Oct. 9--Trustees of the Metropolitan St. Louis Sewer District on Thursday tentatively agreed to cover a $2.8 million cost overrun in an expansion of the Lemay sewage treatment plant.

This summer when a contractor working on expanding the plant, workers installed a temporary plug in waste water line that was next to a concrete clarifier tank that is 150 feet in diameter.

The plug failed resulting in a flood that caused the cement bottom of the tank to rise and damage sludge collection equipment in the tank. Tarlton Corp., the contractor for the expansion, is replacing the tank bottom. The equipment is 24 years old; the staff decided that replacing it is a better approach than repairing it now and replacing it five to 10 years from now, Brian Hoelscher, director of engineering, said.

The cost of the new bottom and equipment is $1.8 million.
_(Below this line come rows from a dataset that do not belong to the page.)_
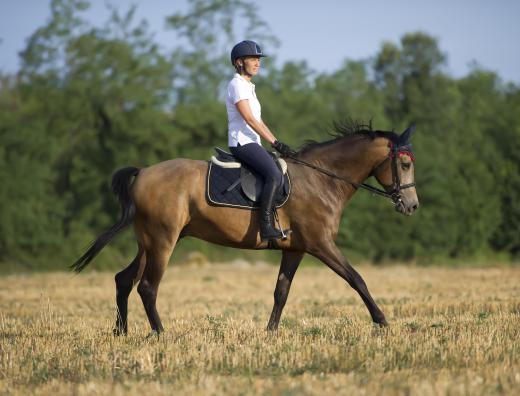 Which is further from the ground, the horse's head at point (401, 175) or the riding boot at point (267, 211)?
the horse's head at point (401, 175)

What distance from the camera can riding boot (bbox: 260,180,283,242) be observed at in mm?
9188

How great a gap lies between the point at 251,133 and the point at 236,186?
73cm

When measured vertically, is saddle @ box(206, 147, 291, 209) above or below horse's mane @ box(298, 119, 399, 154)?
below

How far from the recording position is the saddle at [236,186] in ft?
30.6

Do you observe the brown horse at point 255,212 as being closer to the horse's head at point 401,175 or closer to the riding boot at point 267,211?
the horse's head at point 401,175

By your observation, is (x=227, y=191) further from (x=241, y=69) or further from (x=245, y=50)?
(x=245, y=50)

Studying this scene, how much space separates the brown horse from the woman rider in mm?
265

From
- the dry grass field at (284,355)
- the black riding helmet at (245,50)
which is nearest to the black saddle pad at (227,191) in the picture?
the black riding helmet at (245,50)

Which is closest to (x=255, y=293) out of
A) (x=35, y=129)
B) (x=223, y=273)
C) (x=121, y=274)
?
(x=223, y=273)

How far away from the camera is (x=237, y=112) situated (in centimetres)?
959

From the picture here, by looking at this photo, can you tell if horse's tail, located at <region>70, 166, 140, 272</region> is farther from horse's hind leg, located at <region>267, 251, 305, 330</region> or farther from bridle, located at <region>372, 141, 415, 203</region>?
bridle, located at <region>372, 141, 415, 203</region>

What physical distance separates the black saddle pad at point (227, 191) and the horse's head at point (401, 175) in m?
1.38

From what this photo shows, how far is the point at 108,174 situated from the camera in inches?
1320

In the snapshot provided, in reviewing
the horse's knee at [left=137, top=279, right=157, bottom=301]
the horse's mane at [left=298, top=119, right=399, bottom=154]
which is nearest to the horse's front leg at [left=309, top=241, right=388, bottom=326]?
the horse's mane at [left=298, top=119, right=399, bottom=154]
The staff also wants to spend $1 million to replace a deteriorated inflow main 96 inches in diameter. Tarlton workers discovered the deterioration when excavating for the project.

The district is expanding the plant so it can handle 220 million gallons a day of sewage in dry weather instead of 160 million gallons a day and 340 million gallons a day in wet weather instead of 240 million gallons a day. The difference is storm water that the plant shunts around secondary treatment in storms, Hoelscher said.
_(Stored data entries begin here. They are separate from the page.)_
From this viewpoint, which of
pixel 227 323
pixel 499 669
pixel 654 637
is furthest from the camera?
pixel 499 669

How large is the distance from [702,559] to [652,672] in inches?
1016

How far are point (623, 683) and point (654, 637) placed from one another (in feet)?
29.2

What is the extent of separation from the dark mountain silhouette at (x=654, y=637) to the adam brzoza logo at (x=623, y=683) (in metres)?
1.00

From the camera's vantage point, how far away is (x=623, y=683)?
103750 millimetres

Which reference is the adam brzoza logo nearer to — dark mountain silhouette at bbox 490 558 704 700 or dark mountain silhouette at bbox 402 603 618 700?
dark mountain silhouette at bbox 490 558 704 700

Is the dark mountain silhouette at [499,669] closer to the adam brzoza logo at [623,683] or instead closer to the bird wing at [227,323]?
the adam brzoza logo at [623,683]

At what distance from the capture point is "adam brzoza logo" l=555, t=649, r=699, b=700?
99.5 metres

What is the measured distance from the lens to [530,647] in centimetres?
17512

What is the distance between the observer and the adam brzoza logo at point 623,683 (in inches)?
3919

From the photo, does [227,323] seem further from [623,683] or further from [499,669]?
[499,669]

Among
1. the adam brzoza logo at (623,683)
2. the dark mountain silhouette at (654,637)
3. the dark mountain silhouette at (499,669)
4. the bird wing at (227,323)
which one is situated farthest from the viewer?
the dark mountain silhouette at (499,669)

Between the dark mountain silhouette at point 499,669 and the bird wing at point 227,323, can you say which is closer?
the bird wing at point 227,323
The total cost of the Lemay plant expansion is $94.5 million. To finance the $2.8 million, the district would use money saved by bids being lower than estimates on other projects, Hoelscher said. The expansion should be complete by March.

Also the trustees tentatively agreed to add $113,000 to a contract with TGB Inc. of St. Louis to pay for a change in plans for the installation of a standby generator at Lemay Pump Station 3. A newly installed generator could provide electricity for two pumps in case of a power outage instead of serving one pump.

At the last minute, the manufacturer of a new generator for the station stopped taking orders because of changes in federal regulations, Hoelscher said. Instead, the district will modify a slightly larger pump, change the pump location and provide a new pad and natural gas meter for it.

Trustees tentatively agreed to spend $3,339,000 for the installation of wetlands to offset those lost by an expansion of the Missouri River treatment plant. Mitco LLC of Salisbury, Mo., will develop the wetlands near the Cuiver and Missouri rivers and near the confluence of the Missouri and Mississippi rivers, Lance LeComb, a district spokesman, said. Mitco and the Army Corps of Engineers would decide where the wetlands would go, he said.